Population growth is often used as a proxy for a city’s overall economic health although there is considerable research that finds no connection between the growth of the population and the growth of the economy (many of them find just the opposite).

However, at this point in Memphis’ history, with many years of population growth here being births over deaths, more college-educated workers moving to Memphis could improve our ability to compete in an economy driven by technology and knowledge.  Of course, the ultimate task is to improve the skills of the workers we have now.

No Magic Answers

If Memphis sets population growth as a top priority, it would be instructive to engage local and national experts in the development of a broad, multi-dimensional plan to accomplish it, because population growth is not, at its essence, about apartments and hotels but about more better-paying jobs, stronger neighborhoods, a deeper entrepreneurial culture, better public transportation, and more.

Rather than let EDGE experiment with ideas that seem to emanate from the industries which most benefit from them, we should get serious about strategies that are anchored in the realities of population movement, assessments of what worked in other cities, the drivers that would stimulate more people to move into Memphis, and the investment required to get serious about them.

All in all, the lack of a fully formed, broadly supported economic development plan exacerbates the tendency to chase magic answers and silver bullets.  The plan developed in concert with Brookings Institution several years ago still has a website, but it’s been a long time since we’ve heard anyone refer to it, much less tie EDGE’s incentives to it.

This vacuum creates an environment where there is the presumption that developers and special interests are impartial experts in economic development policies.  It also creates an environment that embodies the “if I’m a hammer, every problem is a nail” metaphor when it comes to tax freezes.

Not The Results We Need

It’s worth remembering that 20 years ago, our economy was creating 10,000 jobs a year.  EDGE reports that it has created an average of about 2,060 a year since 2011 (and that includes the spurious number of “retained” jobs justified by deficient analytics).  Many of them, like jobs in hotels and apartments, are not high wage providers.

That’s not the only indication that our overreliance on tax freezes is not working.  As our community chases more ways to waive taxes, our economy remains sluggish when compared to the 50 largest metros in the U.S.

It seems that we are willing to be distracted by more and more PILOTs when the real need is an economic development plan that aims higher, isn’t built on low expectations, and calls on each of us to pay our fair share of taxes to support the quality public services that create the conditions for jobs growth.

Exhaustive research concludes that taxes are negligible in the final decision for business location decisions and they actually drain revenues from education, public safety, infrastructure, and quality of life that are the real factors in the competition for the kind of jobs that Memphis and Shelby County need.

Pivoting To A Plan

We are capable of cheerleading as much as anyone, and no one is more bullish about this community.  There is so much that is moving in the right direction and there is conspicuous momentum for the first time in almost 20 years.

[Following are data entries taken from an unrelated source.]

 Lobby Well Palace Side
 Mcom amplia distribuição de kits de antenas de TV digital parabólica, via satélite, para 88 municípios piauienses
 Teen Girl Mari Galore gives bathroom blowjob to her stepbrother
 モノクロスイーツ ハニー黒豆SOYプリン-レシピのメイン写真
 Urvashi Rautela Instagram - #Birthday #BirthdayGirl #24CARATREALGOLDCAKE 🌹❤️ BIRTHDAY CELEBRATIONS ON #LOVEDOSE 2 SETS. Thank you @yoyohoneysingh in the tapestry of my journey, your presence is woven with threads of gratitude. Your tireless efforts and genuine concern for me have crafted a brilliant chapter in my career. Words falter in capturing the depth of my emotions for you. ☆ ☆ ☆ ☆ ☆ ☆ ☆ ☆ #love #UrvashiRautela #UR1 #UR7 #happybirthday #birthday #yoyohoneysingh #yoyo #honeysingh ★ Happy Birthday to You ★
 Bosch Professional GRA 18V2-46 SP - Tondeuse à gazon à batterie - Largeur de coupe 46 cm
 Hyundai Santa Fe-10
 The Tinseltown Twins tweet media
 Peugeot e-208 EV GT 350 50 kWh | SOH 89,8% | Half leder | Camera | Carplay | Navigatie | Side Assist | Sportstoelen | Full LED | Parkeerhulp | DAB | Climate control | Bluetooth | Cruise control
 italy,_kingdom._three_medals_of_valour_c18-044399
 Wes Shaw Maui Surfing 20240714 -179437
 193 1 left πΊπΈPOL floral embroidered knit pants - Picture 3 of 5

The task now is to harness that energy and attitude and turn it to developing a plan for an economy that moves us from the bottom rungs of economic indicators.  It requires brutal honesty about where our economy is.  It also requires a sense of urgency that has been diverted while we delude ourselves into thinking that more and more tax freezes will get us into an economy defined by innovation-driven companies and technology.

It’s time to have a serious conversation with ourselves.  If we are willing to do the same things and watch our competitive position continue to lag, we need to admit that we are satisfied with this inertia as a fact of life for our community.

The truth is that in the decades-long history of tax freezes, PILOTs have not led Memphis and Shelby County to greater economic success, better-paying jobs, higher incomes, and reduced poverty.

We can do the same and expect different results, but you know what they say about that.